I find this statement possibly to reflect confusion on your part. 

The regulative principle teaches that there are elements and circumstances of worship. Nothing may be added to the elements. Prayer is clearly one of the elements of worship. Thus the Lord's Prayer, which is the pattern for prayer, may certainly be employed in worship. It's in Scripture, after all. 

The Westminster Directory for the Public Worship of God simply states that it is appropriate for corporate usage (after, as noted herein, so much "rote" abuse by so many over the centuries). And saying it in worship all together permits the congregation in this instance not only to pray along with the minister, but, using words our Lord Himself gave, say that pray together (as we would read Scripture, sing, or confess together using the same words).

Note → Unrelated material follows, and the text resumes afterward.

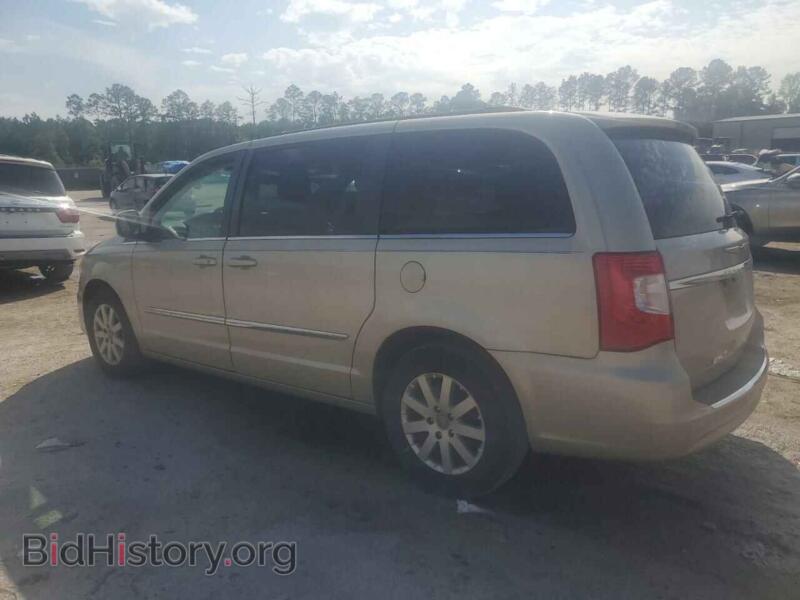 2014 Chrysler MINIVAN (VIN 2C4RC1BG4ER255049) — фото 2 из 15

We in our congregation all say the Ten Commandments (along with the Creed) together. Do you think that there's something wrong with this (I know that some may object to the Creed)? We personally have the habit in morning prayer in our household of saying the Lord's Prayer together at the conclusion of our extemporaneous prayers. My family has testified how much that has meant to them (I realize that's not corporate public worship, just thought that I'd report that). 

Do you feel as if your conscience is being bound in some way in public worship, that the Lord's Prayer is being said but you don't want to say it along with the congregation (for some reason)? I'm unclear here on the real ground of your objection. 

Peace,
Alan


----------



## NaphtaliPress (Sep 17, 2014)

It is not very clear to me and I could go land on either answer whether it was just the minister or if the congregation followed in unison. I was never under the impression (perhaps incorrectly) that the trouble over the recitation of the creed was just with the recitation by the minister but that it was corporate. The Book of Common order or "Knox's Liturgy" seems to imply the congregation joins in that and in the Lord's prayer, but other later practice counters that. I get mixed signals from the evidence. See pages 89-90 in the previous links. For additional mixed signals see Edgar's Old Church life at the link, pp 62, 72, 193: Old Church life in Scotland, lectures - Andrew Edgar (D. D.) - Google Books



Jake said:


> Chris, thanks for the historical information. As an addendum regarding current practices, I have been in an RPCNA congregation and an ARP congregation that recited the Lord's Prayer in unison, both of which have obviously different historical routes. I do not know how common the practice is in either denomination.


----------



## C. M. Sheffield (Sep 17, 2014)

I believe it to be a perfectly good and acceptable practice whether done by the minister alone or by the congregation in unison. The practice has and may be abused, but we ought not to throw the baby out with the bath water. The point made by some concerning psalms and hymns is cogent one. Many who object to a weekly recitation of the Lord's Prayer have no issue with singing the Doxology or the Gloria Patri every week. And they are not even Scripture. The only difference is that one is said and the other is sung.


----------



## brendanchatt (Sep 21, 2014)

Alan D. Strange said:


> The regulative principle teaches that there are elements and circumstances of worship. Nothing may be added to the elements. Prayer is clearly one of the elements of worship.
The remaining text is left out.